DATA SHOWN —

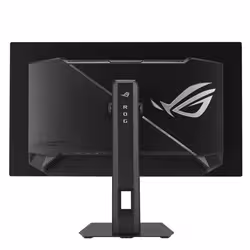 ASUS ROG Strix OLED XG27AQDMES computer monitor 67.3 cm (26.5") 2560 x 1440 pixels Quad HD QD-OLED Black - Additional view 2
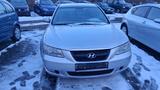 Hyundai SONATA 2.4 GLS GLS - Hyundai SONATA Benziner Gebrauchtwagen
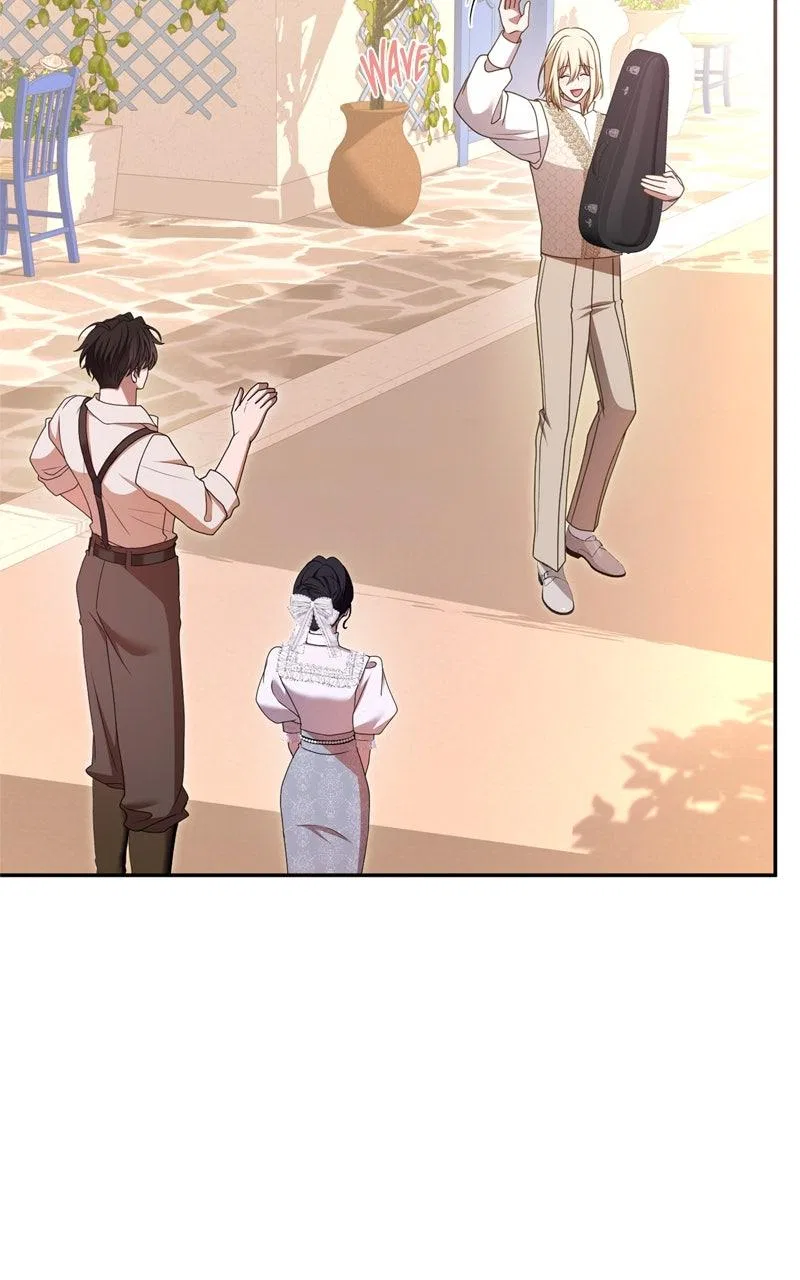 I’ve Fallen for the Empire’s Greatest Villainess Chapter 54 – Page 92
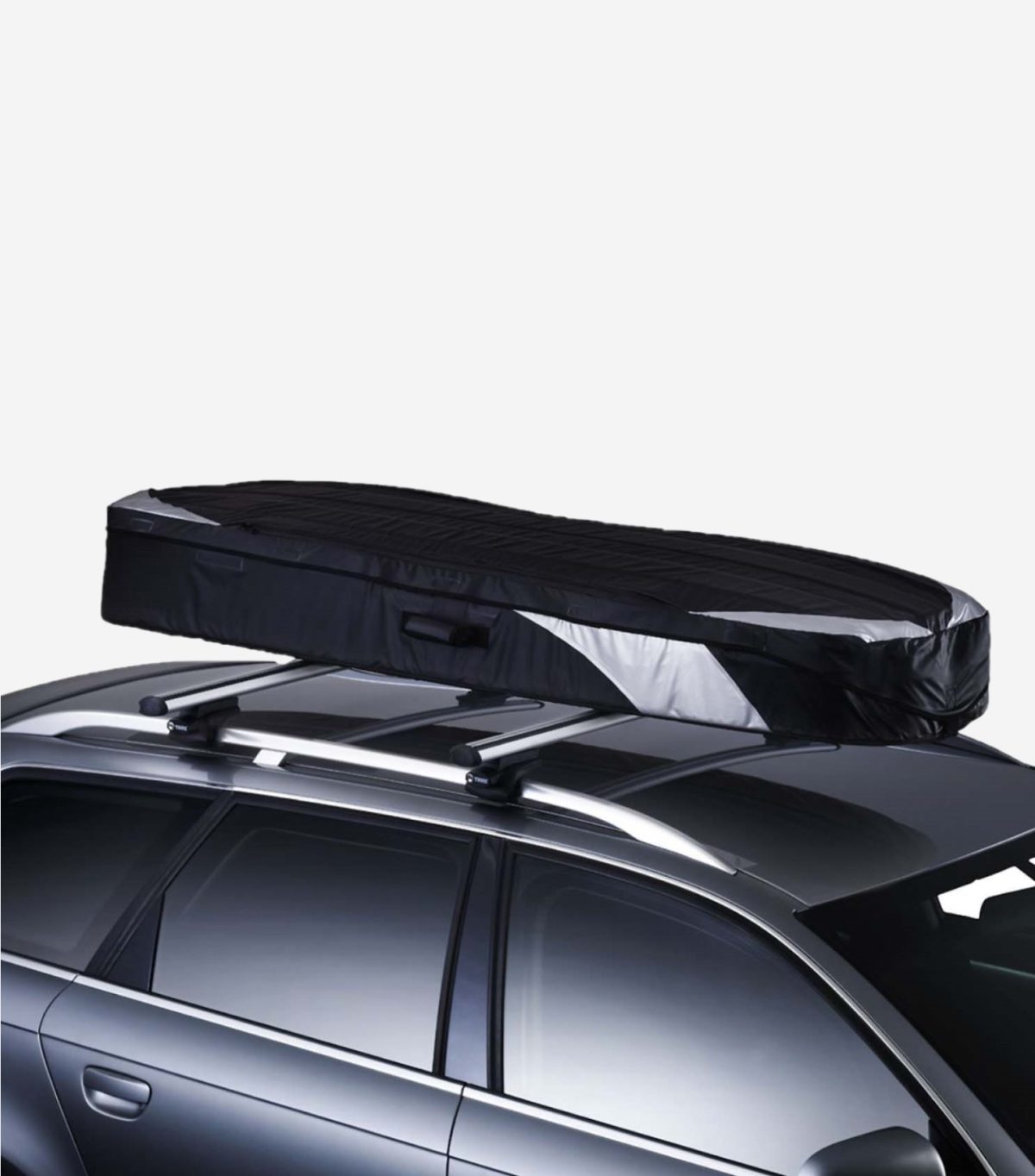 Trailblazer Roof Box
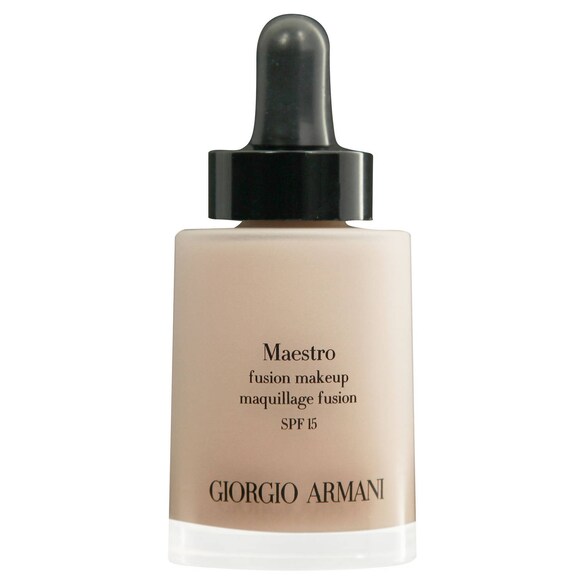 Maestro Fusion - Fondöten, ARMANI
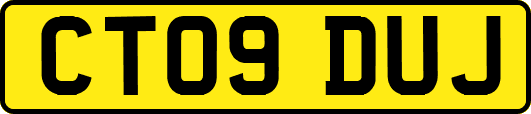 CT09DUJ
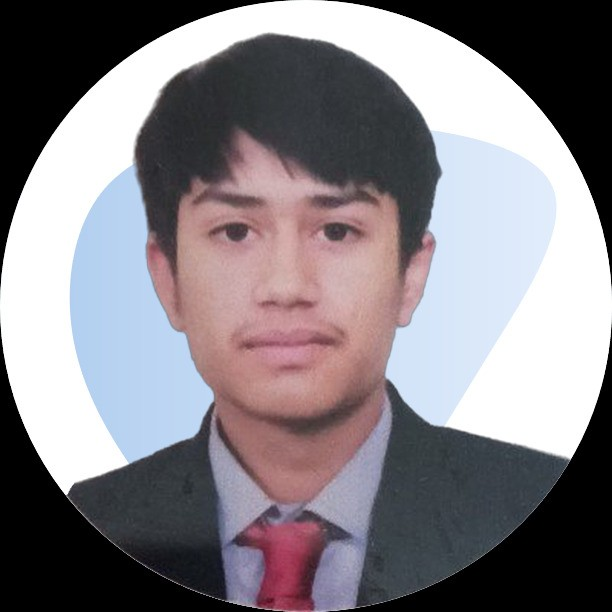 Siddharth Rana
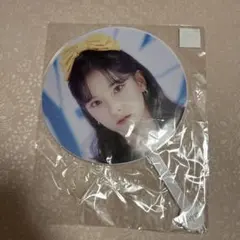 Kep1er YUJIN うちわ FLY-BY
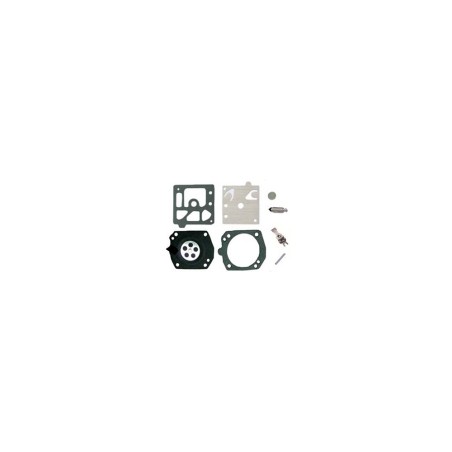KIT REPARACIÓN CARBURADOR AD WALBRO (REF. ORI K10-HD)- motoscamaralweb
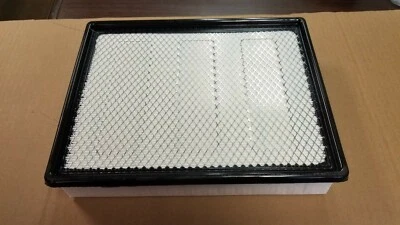 Air Filter 5314 For 2006, 2005, 2004, 2003, 2002, 2001 GMC Sierra 3500HD 8.1L - Image 1 of 2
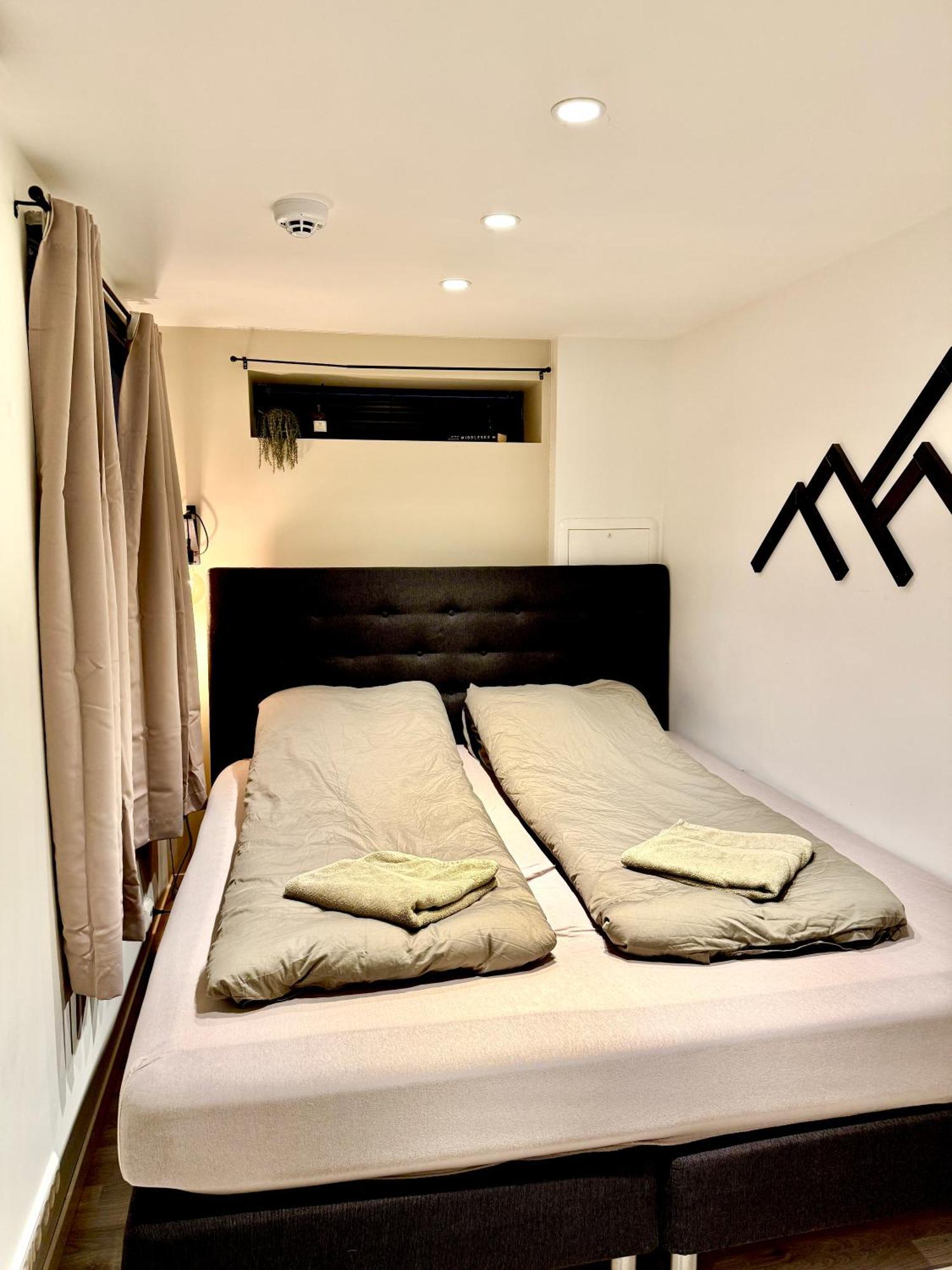 Aurora Polaris Apartment - 750M From Citycenter - Free Parking トロムソ エクステリア 写真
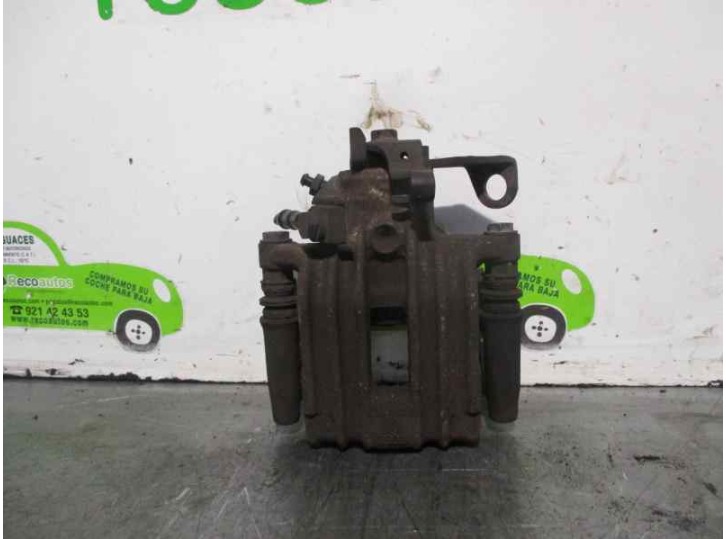 Recambio de pinza freno trasera izquierda para audi a3 (8l) 1.8 20v turbo referencia OEM IAM 1J0615423D  LUCAS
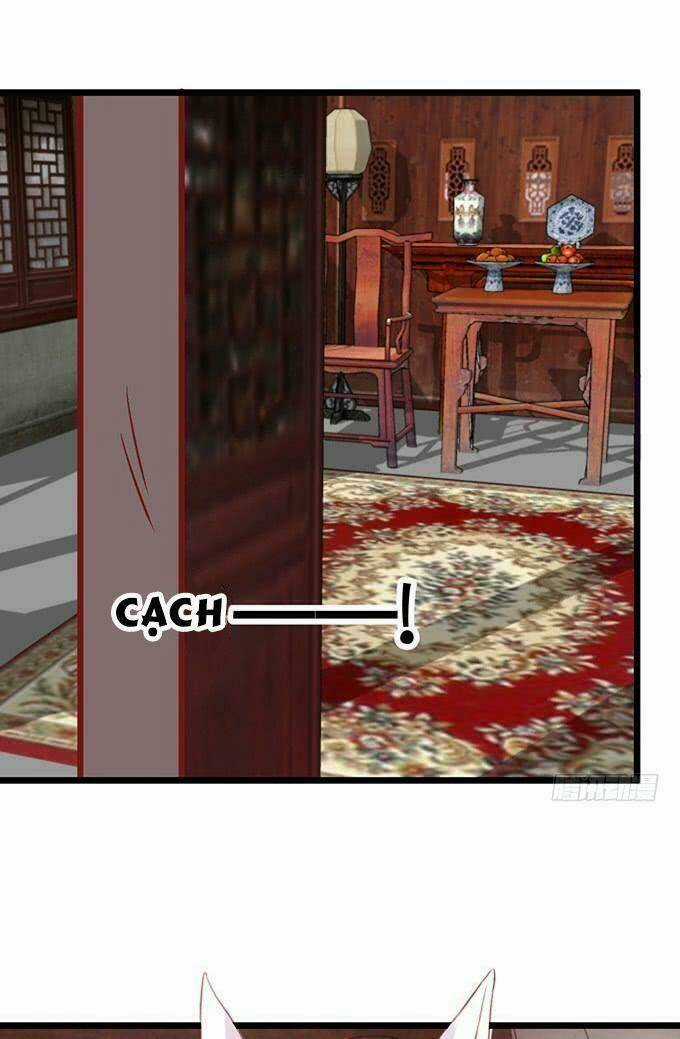 HỒ TIÊN HUNG BẠO - Chapter 32 - Trang 4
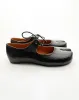 Lace Up Tabi Flats sold by Raboesy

TO DO — Give every line of the data above again as it stands; the pictures stay out.

EXERCISE SOLUTION —
 ASUS ROG Strix OLED XG27AQDMES computer monitor 67.3 cm (26.5") 2560 x 1440 pixels Quad HD QD-OLED Black - Additional view 2
 Hyundai SONATA 2.4 GLS GLS - Hyundai SONATA Benziner Gebrauchtwagen
 I’ve Fallen for the Empire’s Greatest Villainess Chapter 54 – Page 92
 Trailblazer Roof Box
 Maestro Fusion - Fondöten, ARMANI
 CT09DUJ
 Siddharth Rana
 Kep1er YUJIN うちわ FLY-BY
KIT REPARACIÓN CARBURADOR AD WALBRO (REF. ORI K10-HD)- motoscamaralweb
 Air Filter 5314 For 2006, 2005, 2004, 2003, 2002, 2001 GMC Sierra 3500HD 8.1L - Image 1 of 2
 Aurora Polaris Apartment - 750M From Citycenter - Free Parking トロムソ エクステリア 写真
 Recambio de pinza freno trasera izquierda para audi a3 (8l) 1.8 20v turbo referencia OEM IAM 1J0615423D  LUCAS
 HỒ TIÊN HUNG BẠO - Chapter 32 - Trang 4
 Lace Up Tabi Flats sold by Raboesy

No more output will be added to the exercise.